If consumer confidence continues to improve across the board, I expect to see broker market share continue to grow.
I think brokers are playing a more prominent role in the home loan process. Today, more than ever before, they understand their target market and their borrowers’ needs.
They know which buyers they should be focusing on and they are doing everything they can to attract and retain these borrowers. In addition, the industry is doing more to support the third party distribution channel in their role.
Aggregators and lenders are providing brokers with a lot more support, which is allowing them to expand their reach and improve their lead generation skills.
The Streets Ahead report also found broker usage is highest among those earning between $50,000 and $150,000. What do you attribute this to?
The options for people earning under $50,000 are limited; those earning between $50,000 and $150,000 have more options available to them.

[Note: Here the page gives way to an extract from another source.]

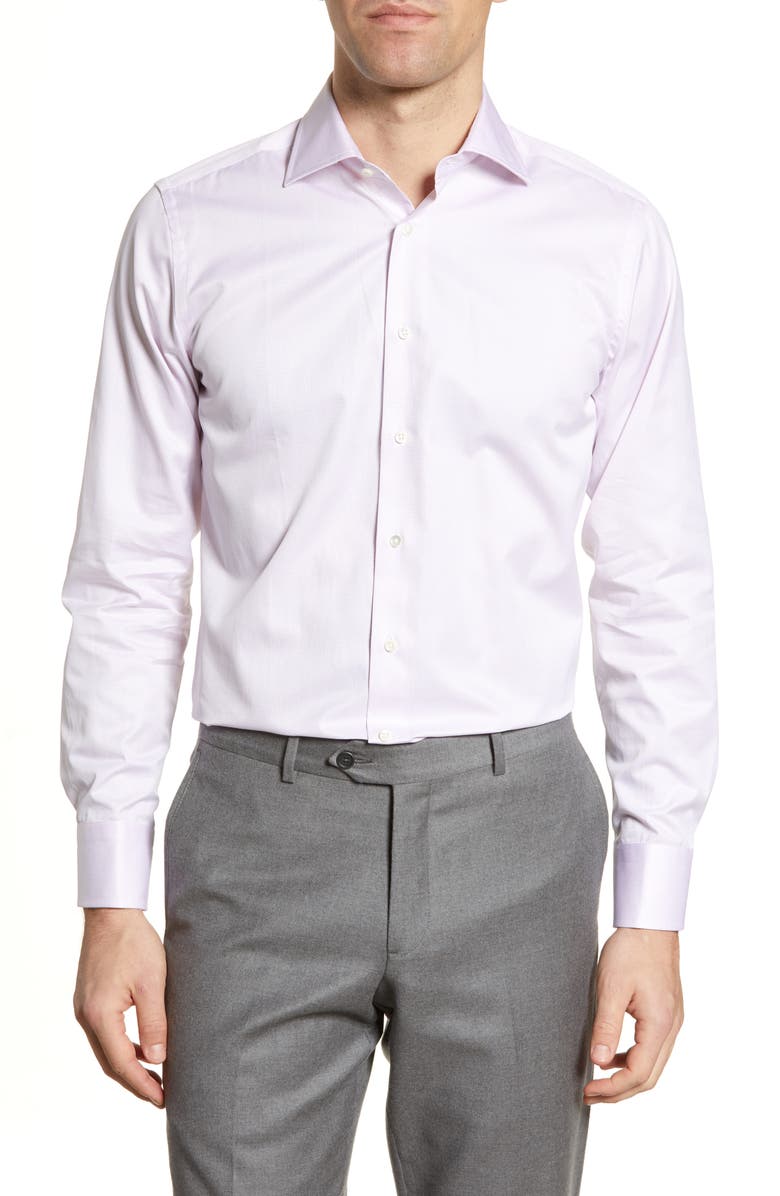 Canali Regular Fit Geometric Dress Shirt, Main, color,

If you then consider that the mortgage market is incredibly complex and confusing, especially given the level of lender competition at the moment, it is reasonable to expect borrowers would seek out the advice and guidance of a finance professional.
People earning a good salary will go to a broker because [the broker] can advise them on how to package a loan in the appropriate way and guide them on which product and lender is best for their needs, both now and into the future.
First home buyer confidence has fallen considerably – why is that?
It is true that first home buyer (FHB) confidence has dropped over the last six months. In fact, Genworth’s Streets Ahead report found FHB confidence dropped from 98.5 in September 2012 to 85.9 in March this year – a 12.6 per cent fall.
When we look at the factors driving this fall, mortgage stress was the main reason. Overall, 41 per cent of FHBs said they expected to have difficulty meeting their mortgage repayments – up from 19 per cent six months prior.
Perhaps of even greater interest, however, is the percentage of first home buyers who believe now is a good time to buy.
In the September 2012 Streets Ahead report, 54 per cent of FHB respondents said now was a good time to buy. In the six months to March 2013, that percentage dropped to 49 per cent.
And while one in two still believes now is a good time to buy, that is a considerable fall in such a short time.
I believe the first home buyer grants help add an extra layer of confidence to these homebuyers and, in NSW and Queensland, with the first home buyer grant for established properties now removed, confidence in these markets isn’t as high as it used to be.
Our research shows us that a majority of first home buyers want to buy an existing property and now, in NSW and Queensland, they aren’t receiving any help from the government to do this. I think we need to help find ways to get first home buyers into homes.
Over the past few years, people [have been] deleveraging more, and while some recent data suggests sentiment may be improving, the fact is we have seen 200 basis points cut from the cash rate since 2011.
Despite this, sentiment is still quite low – especially amongst first home buyers.
I expect to see investors dominating the market … the market is favouring them at the moment. Rents are increasing while house value growth is benign, and data from the Australian Bureau of Statistics shows investor loans are growing at more than double the rate of owner-occupier loans.
The investor market is one brokers should concentrate on. While our research suggests just 20 per cent of investors consider using a mortgage broker, I believe the two really go hand in hand.
Brokers can help investors, who are historically time-poor, to find the right loan package for their needs and goals, both today and into the future.
Looking beyond investors, I think the refinance market is also interesting. We are seeing an increasing amount of homeowners looking to refinance and there are several reasons for this.
The first is low rates – interest rates are now sitting at historic lows. In addition, lender competition is heating up. There is a lot of movement around fixed and variable rates – as such, there are a lot of attractive offers out there.
What does the immediate future hold for Genworth?
Genworth will continue to work with the broker industry in any way possible.
We understand just how important the third party distribution channel is. Broker market share is currently sitting at 43 per cent and while they are not our direct customers, brokers do play an integral role in our business.
As such, Genworth has recently appointed a broker segment leader – Michelle Ewens – whose sole focus will be the broker market.
Ms Ewens will be responsible for forming strategic initiatives with Genworth and the broker channel. She will look at the various ways Genworth can add value to this channel, through education, training, or other growth opportunities.
We are constantly researching and we are always happy to share our results with the government, with the regulator, with the lenders, with the aggregators and with the brokers.